Back then, I knew what Luxury meant. I'm not sure any more, not since I started running into things that are billed as Luxury but seem to be fairly ordinary.
Companies call us to do "luxury marketing".
My most obvious run-in with faux luxury happened a few years ago when I was invited to speak to the Luxury Marketing Council at a new "Luxury" hotel in downtown Miami. The hotel was new and clean with great service but the decor and layout were minimalist. Maybe that's luxury these days. If so, what do we call the 7 star hotels in Beijing, Milan and Dubai? Deluxe luxury?
A few weeks ago, I took a cruise on Royal Caribbean's Oasis of the Seas, the world's largest cruise ship.
A lot of my fellow cruisers thought the ship was luxurious. They'd saved for years to take this vacation. I thought the Oasis was nice, the food and service were great and the crew and staff were outstanding. And there was a spa. But it wasn't even close to luxurious. It was just very good.
I looked up the word Luxury in the dictionary and the words that describe it include lavishness, sumptuousness, opulence, magnificence, indulgence. Like the Savoy in London in the old days with two butlers on every floor and eight foot long bathtubs.
Wikipedia, which is hard to rely on, says a Luxury Good is an economic good or service for which demand increases more than proportionally as income rises.

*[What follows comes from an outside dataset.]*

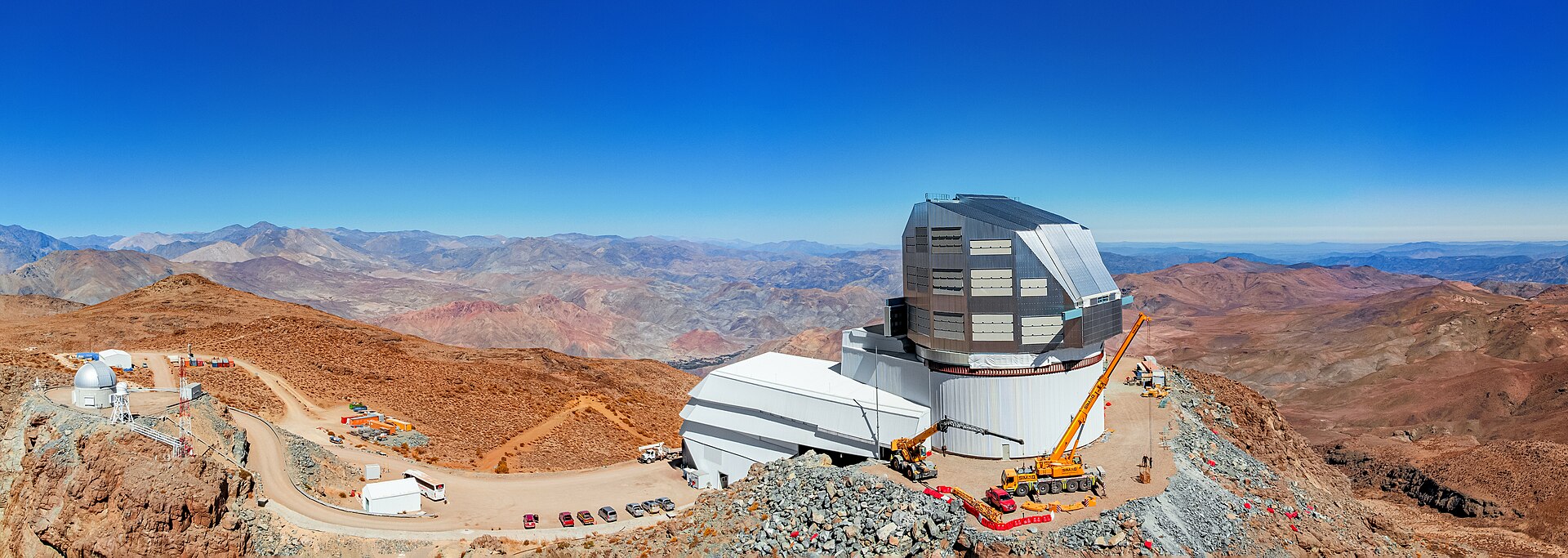 An aerial view of a telescope on top of a mountain.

I'm not sure about that. When I was an undergrad at Boston University, my summer job was at a Franklin Simon Store in New York City. I sold very expensive handbags, and most of the people who bought them were middle income ladies. Some of them paid for the handbags over time (layaway). Their income didn't increase but their desire for these status handbags remained solid.

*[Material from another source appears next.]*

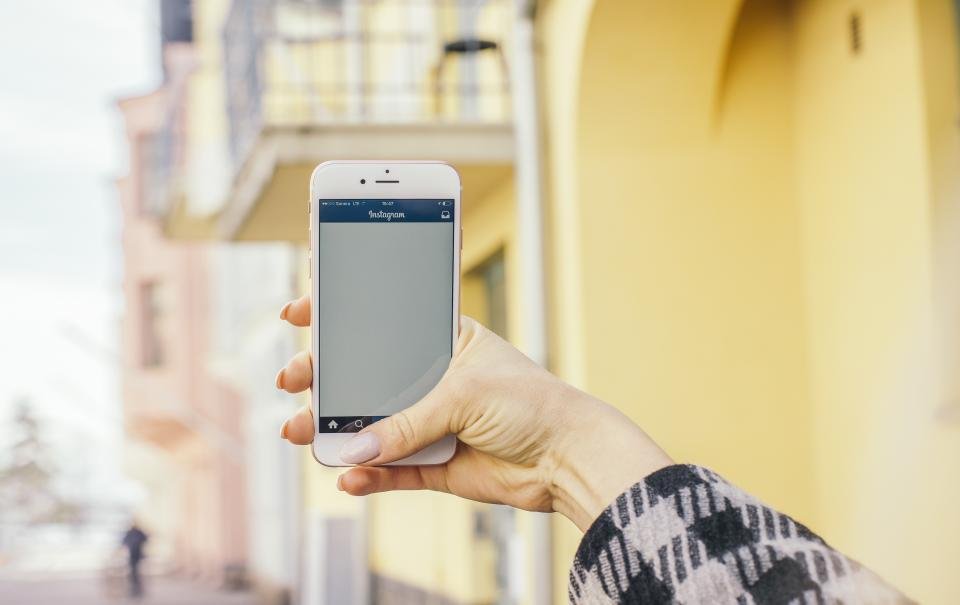 Hand holding a smartphone showing a social media app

I think we overuse the term luxury as much as we overuse "world class" and it means different things to different people. Last Saturday, my friend Angela and I headed out to a Luxury Auction, because she'd received an invitation in the mail. We got to the "estate" home, went inside and were amazed that we'd driven all that way to a nice but middle class home and that they were auctioning off televisions and costume jewelry.
There were no luxury items there, none at all, so we turned around and went home. Angela remarked, "We've thrown away better stuff than that".
So what have we done with this word? We've overused it so that it really means nothing to us now. Luxury might mean a new Bentley for Angela, or a Maserati for my friend, George. Maybe somewhere on Long Island, there's another mother who thinks a fur coat is the ultimate luxury. To me, it's spare time. To Mike, our creative director, it's a good book, a double Irish whiskey and a comfortable chair in the shade.
I don't have a problem with the concept of luxury. It's a nice thing. It's just hard to define, except I know that really rich people expect it and people who are merely well off can afford a lesser version of it and far too many middle-income people spend money unwisely on it. I also think that if what you're offering is really a luxury, you don't have to use the word. Res ipsa loquitur - the thing speaks for itself; it's something rare and magnificent, like a Vermeer painting.